JACKSONVILLE, FL. Back in March 2026, state inspectors walked into Tequilas Mexican Restaurant on Baymeadows Road and found what the records describe plainly: live roach and fly activity throughout the facility. The Florida Department of Business and Professional Regulation ordered the restaurant at 10915 Baymeadows Rd Bay #101 closed on March 31, giving the owners until April 3 to correct the conditions.
It was not the first time the state had shut this restaurant down.
What Inspectors Found
Tequilas Mexican Restaurant: Recent Inspection Pattern
The March 31 inspection produced six high-severity violations and five intermediate violations. The closure order cited roach and fly activity as the triggering conditions, the category of finding that Florida regulators treat as an immediate threat to public health.
Inspectors returned on April 1 and again on April 2. Both visits showed the high-severity violations had been cleared, with only one intermediate violation remaining on each day. By the morning of April 3, the restaurant had met state standards. Records show it was allowed to reopen at 8:50 a.m. that day, before the ordered vacation deadline.
What These Violations Mean
Live roach and fly activity in a food service environment is not a housekeeping citation. Cockroaches carry bacteria including Salmonella and E. coli on their bodies and legs, depositing those pathogens on food preparation surfaces, utensils, and food itself as they move through a kitchen. A customer eating at Tequilas on March 30 would have had no way of knowing what inspectors documented the following morning.

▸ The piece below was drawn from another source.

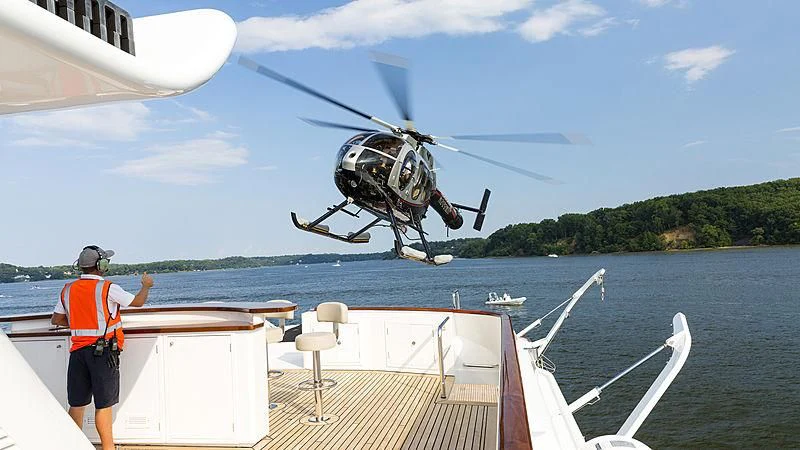 a helicopter flying over a boat aboard ENDEAVOUR 2 Yacht for Sale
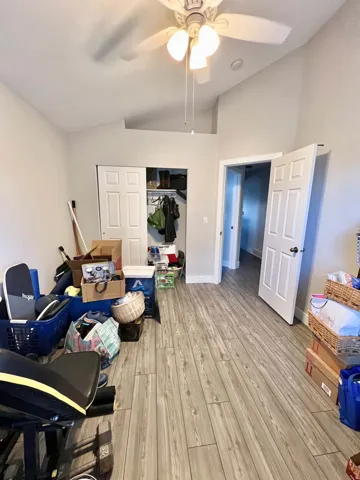 Wood-finish flooring throughout, vaulted ceiling with a ceiling fan, and a bi-fold closet with shelving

Flies present a parallel risk. They feed on organic waste and transfer bacteria directly to any food surface they land on. The combination of both pest types in a single inspection is what pushed this finding into emergency closure territory rather than a standard correction order.
Six high-severity violations in a single visit is a significant count. High-severity violations are the category most directly linked to conditions that can cause foodborne illness. The five intermediate violations documented alongside them, covering issues like food handling procedures and employee practices, indicate the problems on March 31 were not isolated to one area of the operation.
The Pattern Before the Closure
The March 2026 shutdown did not arrive without warning in the inspection record.
Six months earlier, in September 2025, inspectors had visited Tequilas and found five high-severity violations and four intermediate violations. That inspection did not result in a closure order, but the severity count was nearly as high as the visit that did.
Before that, in May 2025, a routine inspection produced three high-severity violations and three intermediate violations. A follow-up visit four days later, on May 6, showed zero high-severity and zero intermediate violations, suggesting the restaurant addressed those findings quickly.
The pattern is consistent: a routine inspection finds serious violations, a follow-up clears them, and months later serious violations reappear.
The Longer Record
Tequilas Mexican Restaurant on Baymeadows Road has accumulated 42 inspections and 371 total violations in the state's records. That volume, across a facility licensed for permanent food service, places this location among the more heavily documented in Duval County.
The March 2026 closure was the second emergency closure in the facility's record. The existence of a prior closure matters because it means inspectors and operators had already been through the shutdown-and-reopen process once before. The conditions that triggered the March 31 order, roach and fly activity, are not obscure code technicalities. They are visible, documentable, and correctable.
What the record shows is a facility that clears violations when inspectors are present and following up, then returns to high-severity findings in subsequent routine visits. The September 2025 inspection found five high-severity violations without triggering a closure. The March 2026 inspection found six and did.
The restaurant was cleared to reopen on the morning of April 3, 2026, three days after the closure order was issued. Whether the conditions that produced 371 violations over 42 inspections have been addressed in any lasting way is a question the next routine inspection will answer.